◆ **Task to complete**:
Copy the data word for word, keeping every line.

◆ **Available data**:
:::

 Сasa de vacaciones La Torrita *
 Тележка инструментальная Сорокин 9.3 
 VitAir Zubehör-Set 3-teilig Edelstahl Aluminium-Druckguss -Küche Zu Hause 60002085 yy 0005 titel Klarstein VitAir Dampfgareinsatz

:::

◆ **Reply**:
 Сasa de vacaciones La Torrita *
 Тележка инструментальная Сорокин 9.3 
 VitAir Zubehör-Set 3-teilig Edelstahl Aluminium-Druckguss -Küche Zu Hause 60002085 yy 0005 titel Klarstein VitAir Dampfgareinsatz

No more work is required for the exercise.